Diverse Co-Saliency Feature Learning for Text-Based Person Retrieval
Shuai You, Cuiqun Chen, Yujian Feng, Hai Liu, Yimu Ji, Mang Ye
Abstract
Text-based Person Retrieval (TPR) plays a pivotal role in video surveillance systems for safeguarding public safety. As a fine-grained retrieval task, TPR faces the significant challenge of precisely capturing highly discriminative features across image and text modalities. Existing methods primarily focus on establishing modality-shared feature spaces to bridge cross-modal discrepancies. However, these methods are prone to disturbances from irrelevant information, such as background noises in the visual modality, and often over-emphasize specific local regions while neglecting the capture of diverse discriminative modal features, thereby limiting the robustness of cross-modal matching. In this paper, we introduce a novel framework, termed the Diverse Co-saliency Feature Learning Network (DCFL), which mines the co-saliency information between image and text modalities and enhances the diversity of cross-modal discriminative features while mitigating the interference of noise. Specifically, to construct cross-modal co-saliency features, we devise the Intra-modal Saliency Feature Learning (ISFL) and Cross-modal Saliency Feature Matching (CSFM) modules. ISFL employs a weighted mask mechanism to guide the model in reducing the impact of noise information in both modalities. Complementing ISFL, CSFM establishes consistent relationships between saliency features across modalities, leveraging text descriptions to align pedestrian-relevant visual regions.
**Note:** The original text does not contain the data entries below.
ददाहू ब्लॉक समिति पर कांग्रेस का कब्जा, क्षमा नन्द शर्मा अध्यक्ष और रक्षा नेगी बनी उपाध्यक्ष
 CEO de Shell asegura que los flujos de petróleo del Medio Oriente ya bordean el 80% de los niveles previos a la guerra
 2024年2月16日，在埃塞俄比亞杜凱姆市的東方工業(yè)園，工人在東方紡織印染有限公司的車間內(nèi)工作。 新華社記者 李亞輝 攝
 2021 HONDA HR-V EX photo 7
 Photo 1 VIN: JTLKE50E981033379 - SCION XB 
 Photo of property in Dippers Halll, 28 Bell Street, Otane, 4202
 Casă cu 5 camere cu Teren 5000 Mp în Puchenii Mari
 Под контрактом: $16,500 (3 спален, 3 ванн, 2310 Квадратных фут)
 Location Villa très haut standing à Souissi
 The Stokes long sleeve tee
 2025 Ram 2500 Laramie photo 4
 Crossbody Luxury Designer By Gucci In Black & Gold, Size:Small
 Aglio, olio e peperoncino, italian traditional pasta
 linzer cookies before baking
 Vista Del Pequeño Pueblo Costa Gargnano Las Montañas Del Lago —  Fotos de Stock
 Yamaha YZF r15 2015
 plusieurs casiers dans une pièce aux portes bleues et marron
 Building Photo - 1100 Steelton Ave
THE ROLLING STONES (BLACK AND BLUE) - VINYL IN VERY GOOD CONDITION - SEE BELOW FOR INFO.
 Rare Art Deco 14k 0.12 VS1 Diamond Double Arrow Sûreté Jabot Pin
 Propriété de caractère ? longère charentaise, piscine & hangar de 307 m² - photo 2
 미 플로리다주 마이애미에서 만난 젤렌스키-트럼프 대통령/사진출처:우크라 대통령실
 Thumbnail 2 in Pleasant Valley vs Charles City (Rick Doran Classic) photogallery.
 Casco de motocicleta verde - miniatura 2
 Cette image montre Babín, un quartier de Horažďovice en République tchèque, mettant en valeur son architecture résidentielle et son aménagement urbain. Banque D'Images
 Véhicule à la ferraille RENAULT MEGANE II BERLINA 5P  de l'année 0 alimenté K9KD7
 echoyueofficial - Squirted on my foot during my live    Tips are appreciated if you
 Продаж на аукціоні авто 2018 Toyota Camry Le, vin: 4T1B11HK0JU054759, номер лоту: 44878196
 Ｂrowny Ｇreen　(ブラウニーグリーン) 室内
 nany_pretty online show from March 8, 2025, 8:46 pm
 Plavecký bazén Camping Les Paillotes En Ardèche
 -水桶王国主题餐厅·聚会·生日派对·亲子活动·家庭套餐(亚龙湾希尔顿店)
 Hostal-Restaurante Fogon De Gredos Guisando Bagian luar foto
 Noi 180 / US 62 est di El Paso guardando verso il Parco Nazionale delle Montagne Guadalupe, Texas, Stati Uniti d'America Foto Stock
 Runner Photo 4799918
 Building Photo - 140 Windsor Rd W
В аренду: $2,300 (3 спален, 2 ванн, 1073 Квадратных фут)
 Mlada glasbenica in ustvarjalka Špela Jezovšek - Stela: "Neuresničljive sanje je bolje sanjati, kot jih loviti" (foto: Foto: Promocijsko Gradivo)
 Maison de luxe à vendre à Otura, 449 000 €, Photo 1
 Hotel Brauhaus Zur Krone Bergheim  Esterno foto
Furthermore, we propose the Diverse Co-saliency Feature Mining (DCFM) to bolster the diversity of discriminative co-saliency features across both image and text modalities. This module integrates a diversity regularization term, enabling the extraction of varied visual cues and capturing comprehensive features of the target individual. Extensive benchmark experiments demonstrate a substantial superiority of our approach over the state-of-the-art methods. The code will be released publicly.